The effect of coronavirus on the heart: what the researchers say

The researchers said that the coronavirus is unique in its effect on the heart. (Representative)

Washington:

Heart damage in patients with COVID-19 is caused by a new coronavirus that infects heart muscle cells, leading to a deadly cell that interferes with muscle contraction, according to a study that could lead to the development of new drugs to treat viral infection.

Although studies since the onset of the pandemic have linked COVID-19 to heart problems such as reduced ability to pump blood, scientists, including those at the University of Washington School of Medicine in the United States, said it was not yet known if they were directly caused by a virus. infects an organ or due to inflammation in other places in the body.

In the current study, published in the Journal of the American College of Cardiology: Basic to Translational Science, they used stem cells to engineer heart tissue and model how the coronavirus infects the heart.

The researchers found that the viral infection not only kills the heart muscle cells, but also destroys the units of muscle fibers responsible for the contraction of the heart muscle.

According to scientists, this cell death and loss of heart muscle fibers can occur even in the absence of inflammation.

“Inflammation may be another hit on top of the damage caused by the virus, but inflammation itself is not the initial cause of heart injury,” said senior study author Kory J. Lavine of the University of Washington School of Medicine.

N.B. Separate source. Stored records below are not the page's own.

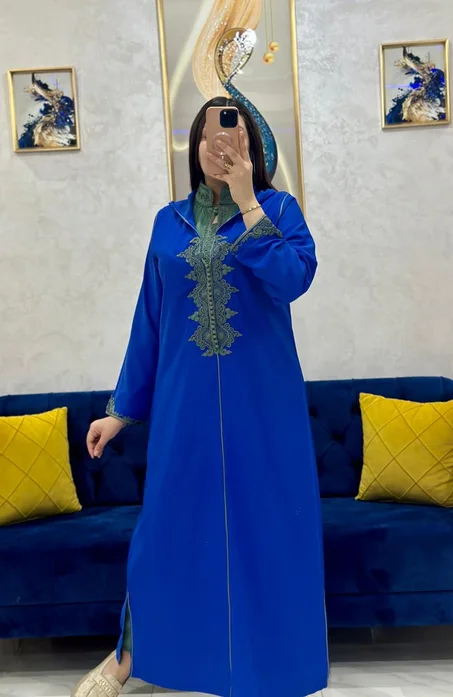 جلابة  بالطرز والعقاد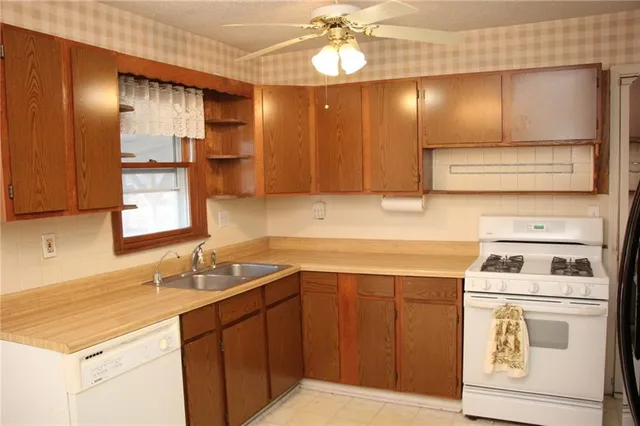 $185,000 | 9405 East 70th Terrace, Raytown, MO 64133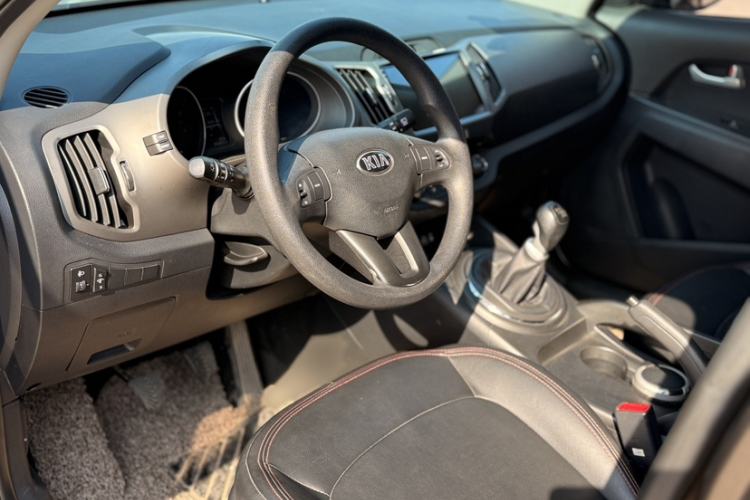 Used Kia Sportage R 2015 2.0L Manual Two-Wheel Drive GL Model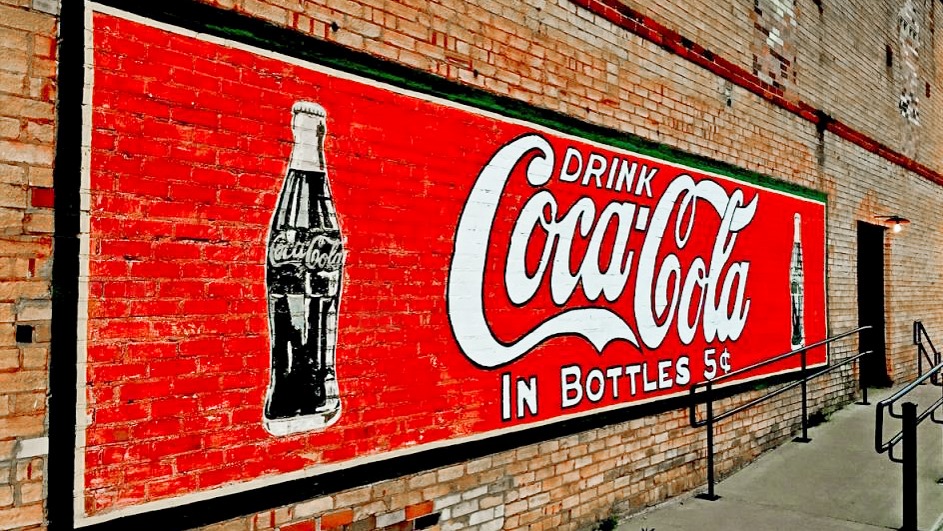 Top Applications Of Vertical Wall Printers In Art And Business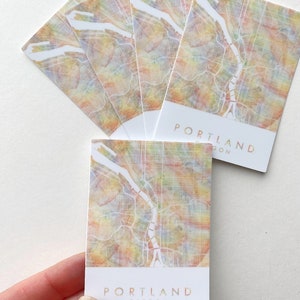 PEGATINA DE MAPA DE ACUARELA ORGULLO DE ARCOÍRIS DE PORTLAND Mapa de la ciudad de Oregon PNW Plano de bloques Laptop Botella de agua Recuerdo de boda Swag Graduación Regalo de mudanza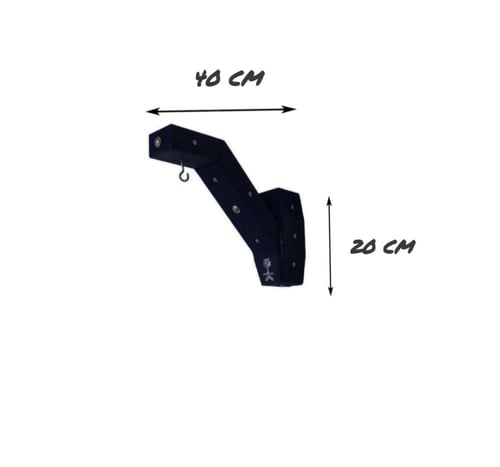 شباك بني غامق مع قاعدة فانوس بني غامق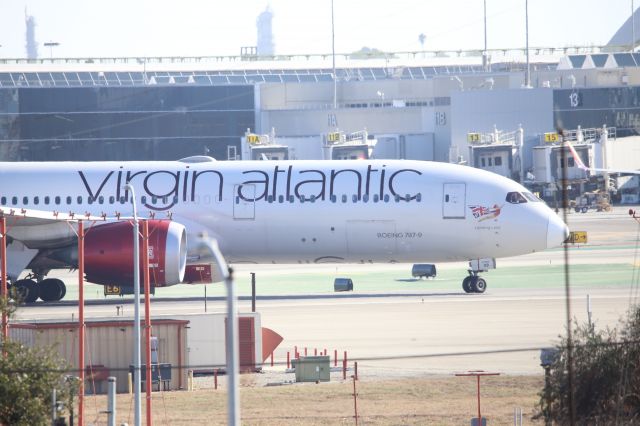Boeing 787-9 Dreamliner (G-VWOO)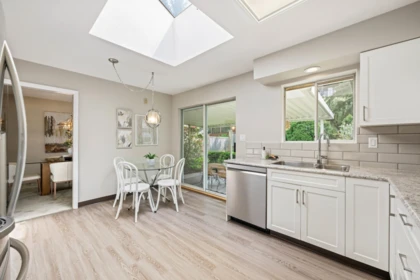 Breakfast Nook Photo of 2322 Huron Drive, Coquitlam, BC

Based on the results of the study, the researchers said that the coronavirus is unique in its effect on the heart, especially in immune cells that respond to infection.

For most other viruses that affect the heart, T cells and B cells of the immune system are said to be at the site of infection, however in COVID-19, the study found that body immune cells called macrophages, monocytes, and dendritic cells dominate the counter response.

“COVID-19 causes a different immune response in the heart than other viruses, and we don’t yet know what that means,” Lavine said.

“Generally, immune cells that have been seen to respond to other viruses tend to be associated with a relatively short disease that is addressed with support,” he added.

According to scientists, these immune cells are associated with a chronic condition that can have long-term consequences.

Although the researchers could confirm their findings by studying the tissues of four COVID-19 patients who had a heart injury associated with the infection, they said more research is needed to “understand what’s going on.”

“Even young people who have had very mild symptoms can later develop heart problems that limit their ability to exercise,” Lavine said.

“We want to understand what’s going on so we can prevent or treat it. In the meantime, we want everyone to take this virus seriously and do their best to take precautions and stop it from spreading, so we don’t have an even bigger epidemic of preventable diseases in the future.” , he added.

(Except for the headline, this story was not edited by NDTV staff and is published from a syndicated feed.)